PROVIDED MATERIAL Start Marker

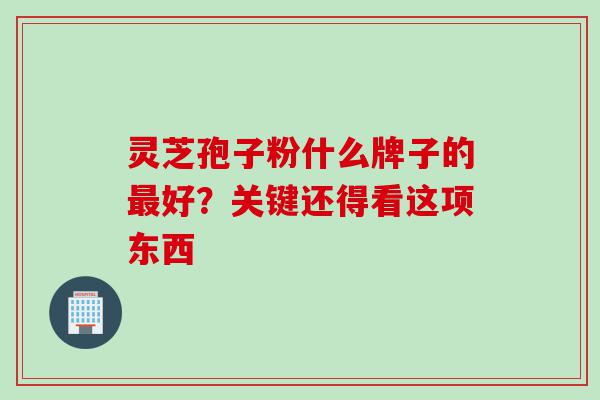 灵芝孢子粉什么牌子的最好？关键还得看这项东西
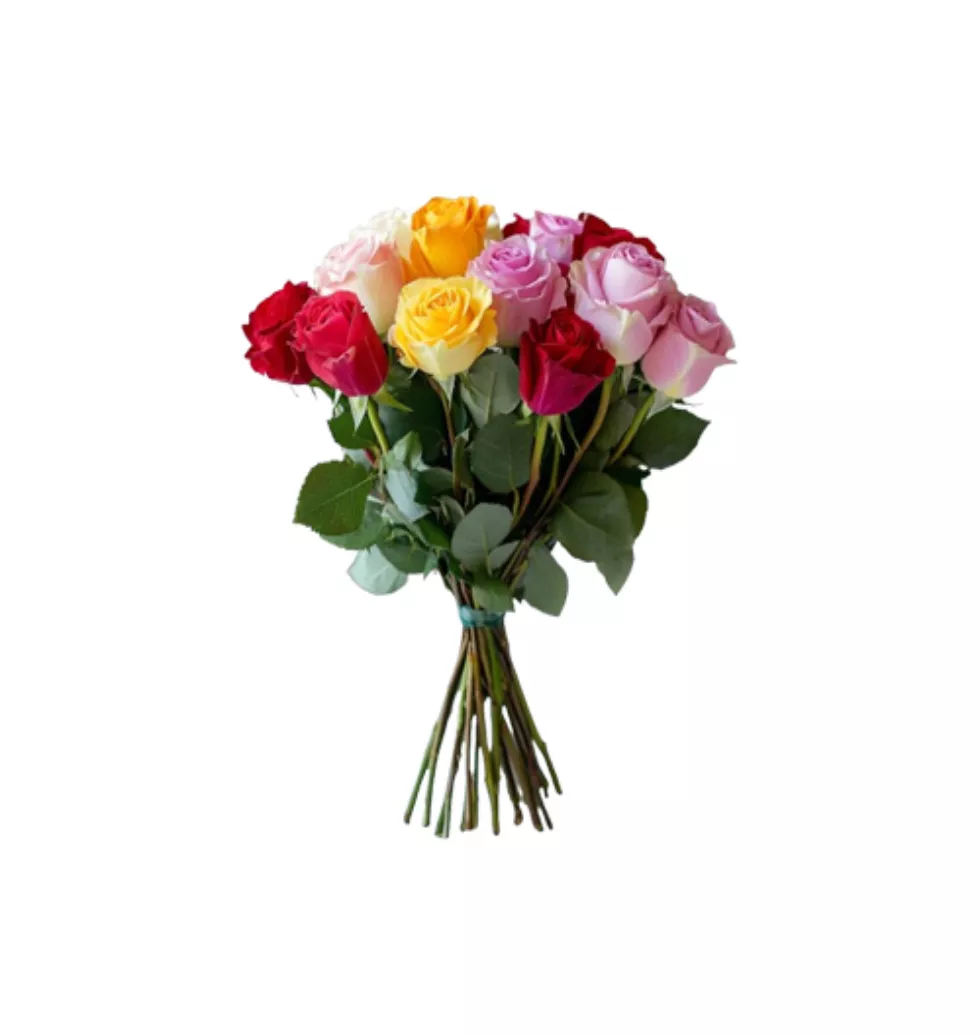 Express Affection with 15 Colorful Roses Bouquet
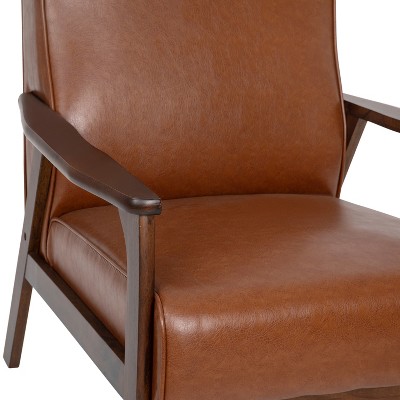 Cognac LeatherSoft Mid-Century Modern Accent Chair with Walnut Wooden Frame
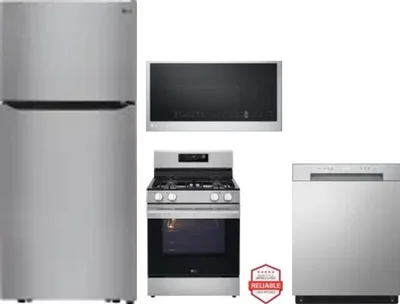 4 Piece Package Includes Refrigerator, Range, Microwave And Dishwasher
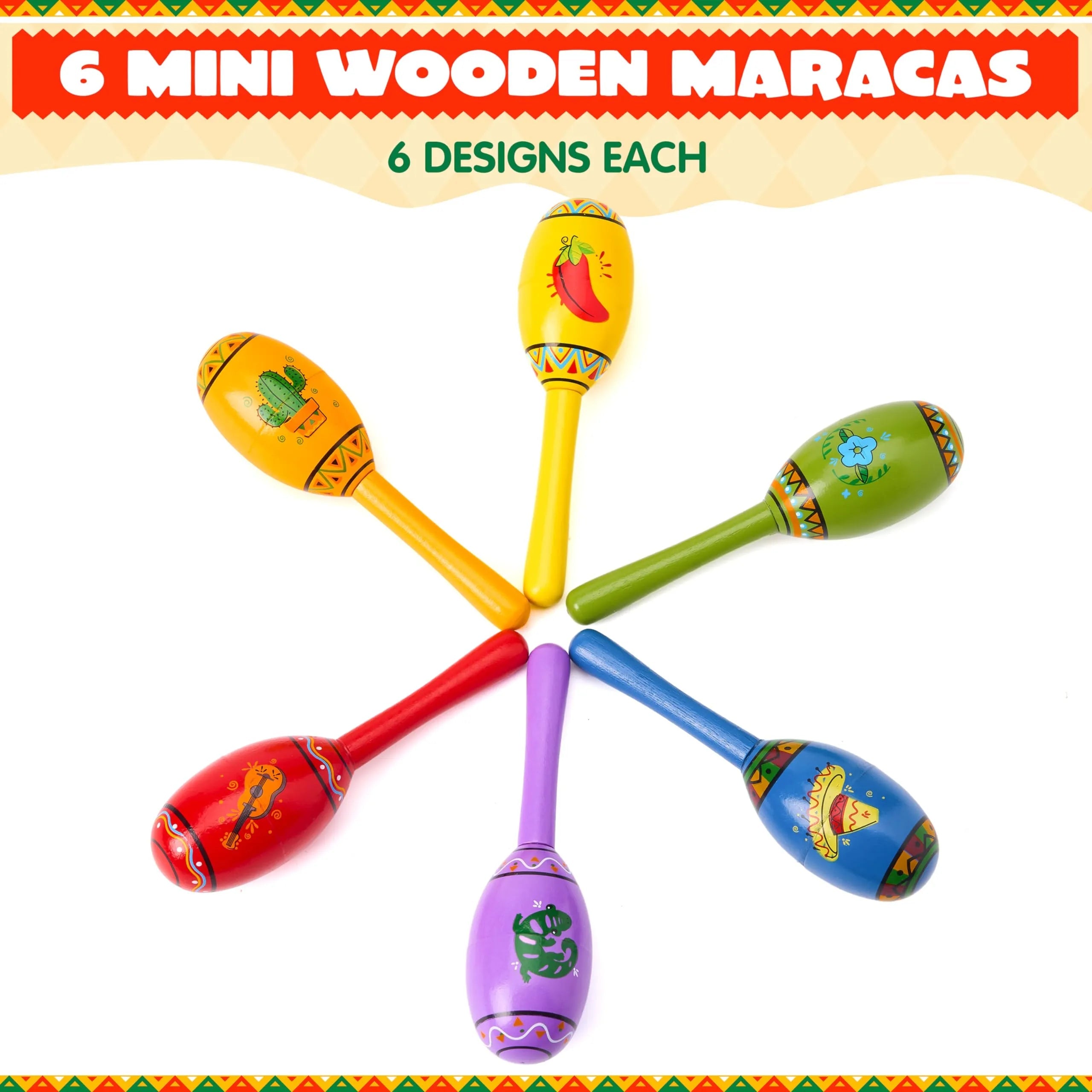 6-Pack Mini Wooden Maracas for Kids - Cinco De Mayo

PROVIDED MATERIAL End Marker
PROVIDED MATERIAL Start Marker

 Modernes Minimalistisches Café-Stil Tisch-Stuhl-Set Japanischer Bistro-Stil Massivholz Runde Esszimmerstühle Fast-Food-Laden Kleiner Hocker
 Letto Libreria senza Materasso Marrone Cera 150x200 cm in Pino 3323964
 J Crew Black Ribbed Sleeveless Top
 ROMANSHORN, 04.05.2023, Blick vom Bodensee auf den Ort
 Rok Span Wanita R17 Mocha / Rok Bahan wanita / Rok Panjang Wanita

PROVIDED MATERIAL End Marker

PROBLEM REQUIREMENTS:
With the first line being the one containing "Modernes Minimalistisches Café-Stil" and the last line the one containing "Rok Span Wanita", transcribe exactly the lines above that fall in that range.

REPLY TO THE EXERCISE:
 Modernes Minimalistisches Café-Stil Tisch-Stuhl-Set Japanischer Bistro-Stil Massivholz Runde Esszimmerstühle Fast-Food-Laden Kleiner Hocker
 Letto Libreria senza Materasso Marrone Cera 150x200 cm in Pino 3323964
 J Crew Black Ribbed Sleeveless Top
 ROMANSHORN, 04.05.2023, Blick vom Bodensee auf den Ort
 Rok Span Wanita R17 Mocha / Rok Bahan wanita / Rok Panjang Wanita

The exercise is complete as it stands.